» **Work to be completed**
Could you reproduce every record below exactly as it stands?

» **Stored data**
━━━━━━

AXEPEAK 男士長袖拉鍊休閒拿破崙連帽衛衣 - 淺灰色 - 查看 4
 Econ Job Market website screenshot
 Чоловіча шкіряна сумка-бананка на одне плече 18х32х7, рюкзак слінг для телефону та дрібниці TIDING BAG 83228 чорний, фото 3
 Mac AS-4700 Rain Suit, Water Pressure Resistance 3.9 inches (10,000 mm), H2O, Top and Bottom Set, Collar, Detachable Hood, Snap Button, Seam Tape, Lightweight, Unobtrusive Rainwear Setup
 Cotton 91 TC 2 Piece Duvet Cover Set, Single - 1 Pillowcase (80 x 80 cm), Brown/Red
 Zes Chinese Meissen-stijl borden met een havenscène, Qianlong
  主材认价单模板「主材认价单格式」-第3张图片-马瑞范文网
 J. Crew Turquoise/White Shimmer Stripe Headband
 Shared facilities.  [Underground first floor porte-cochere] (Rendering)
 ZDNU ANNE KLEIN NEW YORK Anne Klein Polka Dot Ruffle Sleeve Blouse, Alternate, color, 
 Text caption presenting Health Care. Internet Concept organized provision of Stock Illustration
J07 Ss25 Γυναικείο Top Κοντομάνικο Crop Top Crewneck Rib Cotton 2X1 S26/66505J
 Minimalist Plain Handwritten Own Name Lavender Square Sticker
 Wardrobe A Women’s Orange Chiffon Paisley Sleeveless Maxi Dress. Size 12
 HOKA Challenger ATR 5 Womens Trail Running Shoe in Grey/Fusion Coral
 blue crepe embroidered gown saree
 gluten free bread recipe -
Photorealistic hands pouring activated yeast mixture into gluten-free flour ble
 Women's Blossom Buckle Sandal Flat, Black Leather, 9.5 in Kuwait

━━━━━━

» **Solved exercise**
AXEPEAK 男士長袖拉鍊休閒拿破崙連帽衛衣 - 淺灰色 - 查看 4
 Econ Job Market website screenshot
 Чоловіча шкіряна сумка-бананка на одне плече 18х32х7, рюкзак слінг для телефону та дрібниці TIDING BAG 83228 чорний, фото 3
 Mac AS-4700 Rain Suit, Water Pressure Resistance 3.9 inches (10,000 mm), H2O, Top and Bottom Set, Collar, Detachable Hood, Snap Button, Seam Tape, Lightweight, Unobtrusive Rainwear Setup
 Cotton 91 TC 2 Piece Duvet Cover Set, Single - 1 Pillowcase (80 x 80 cm), Brown/Red
 Zes Chinese Meissen-stijl borden met een havenscène, Qianlong
  主材认价单模板「主材认价单格式」-第3张图片-马瑞范文网
 J. Crew Turquoise/White Shimmer Stripe Headband
 Shared facilities.  [Underground first floor porte-cochere] (Rendering)
 ZDNU ANNE KLEIN NEW YORK Anne Klein Polka Dot Ruffle Sleeve Blouse, Alternate, color, 
 Text caption presenting Health Care. Internet Concept organized provision of Stock Illustration
J07 Ss25 Γυναικείο Top Κοντομάνικο Crop Top Crewneck Rib Cotton 2X1 S26/66505J
 Minimalist Plain Handwritten Own Name Lavender Square Sticker
 Wardrobe A Women’s Orange Chiffon Paisley Sleeveless Maxi Dress. Size 12
 HOKA Challenger ATR 5 Womens Trail Running Shoe in Grey/Fusion Coral
 blue crepe embroidered gown saree
 gluten free bread recipe -
Photorealistic hands pouring activated yeast mixture into gluten-free flour ble
 Women's Blossom Buckle Sandal Flat, Black Leather, 9.5 in Kuwait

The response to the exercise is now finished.